**PROBLEM:** What is needed is an exact copy of the whole listing below, with no pictures.

**DATA BELOW:**
--------------------------------------------------
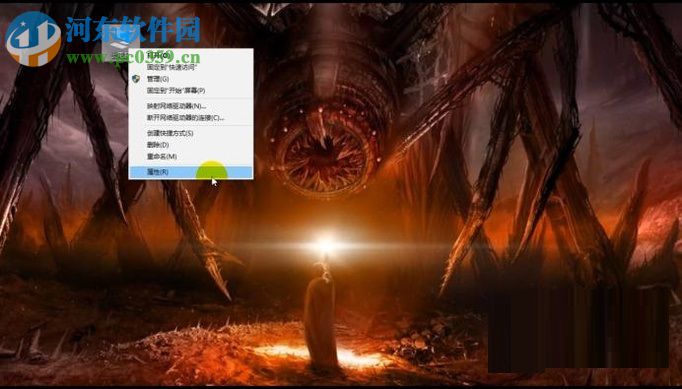 在pycharm中安装scrapy的方法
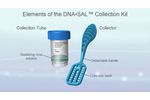 DNA???SAL Instructional - Video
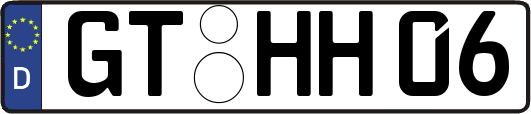 GT-HH06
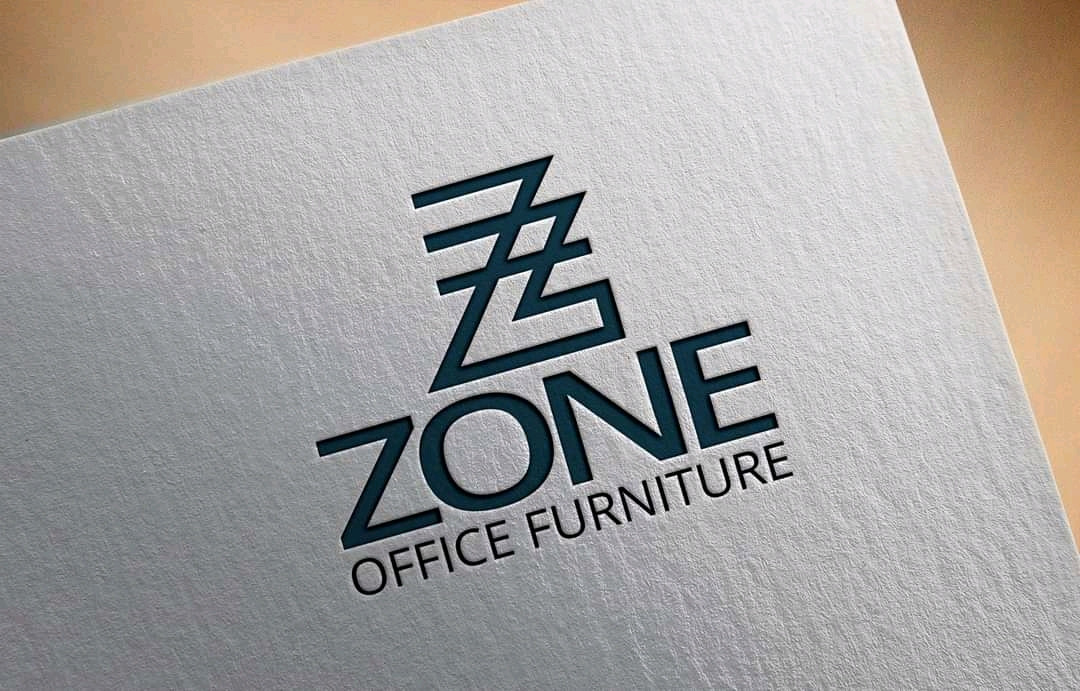 تصميم الشعار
--------------------------------------------------
**EXERCISE RESPONSE:**
 在pycharm中安装scrapy的方法
 DNA???SAL Instructional - Video
 GT-HH06
 تصميم الشعار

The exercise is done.